START DATA EXTRACTS

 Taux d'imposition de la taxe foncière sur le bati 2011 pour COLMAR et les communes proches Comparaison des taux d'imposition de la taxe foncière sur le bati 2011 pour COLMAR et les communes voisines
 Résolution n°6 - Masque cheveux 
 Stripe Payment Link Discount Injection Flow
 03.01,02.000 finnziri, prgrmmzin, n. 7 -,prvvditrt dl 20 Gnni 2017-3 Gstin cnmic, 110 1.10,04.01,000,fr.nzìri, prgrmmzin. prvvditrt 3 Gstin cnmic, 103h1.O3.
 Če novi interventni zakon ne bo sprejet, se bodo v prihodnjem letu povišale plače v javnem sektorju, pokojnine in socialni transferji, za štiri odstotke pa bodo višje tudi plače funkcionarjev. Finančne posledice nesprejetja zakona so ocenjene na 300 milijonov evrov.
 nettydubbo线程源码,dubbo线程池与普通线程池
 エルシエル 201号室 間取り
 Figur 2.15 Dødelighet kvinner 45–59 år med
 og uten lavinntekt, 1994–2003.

END DATA EXTRACTS

### TASK DETAILS:
Your answer should consist of the lines from the line with "Résolution n°6 - Masque cheveux" through the last line of the data, set down exactly, both included.

### ANSWER AREA:
 Résolution n°6 - Masque cheveux 
 Stripe Payment Link Discount Injection Flow
 03.01,02.000 finnziri, prgrmmzin, n. 7 -,prvvditrt dl 20 Gnni 2017-3 Gstin cnmic, 110 1.10,04.01,000,fr.nzìri, prgrmmzin. prvvditrt 3 Gstin cnmic, 103h1.O3.
 Če novi interventni zakon ne bo sprejet, se bodo v prihodnjem letu povišale plače v javnem sektorju, pokojnine in socialni transferji, za štiri odstotke pa bodo višje tudi plače funkcionarjev. Finančne posledice nesprejetja zakona so ocenjene na 300 milijonov evrov.
 nettydubbo线程源码,dubbo线程池与普通线程池
 エルシエル 201号室 間取り
 Figur 2.15 Dødelighet kvinner 45–59 år med
 og uten lavinntekt, 1994–2003.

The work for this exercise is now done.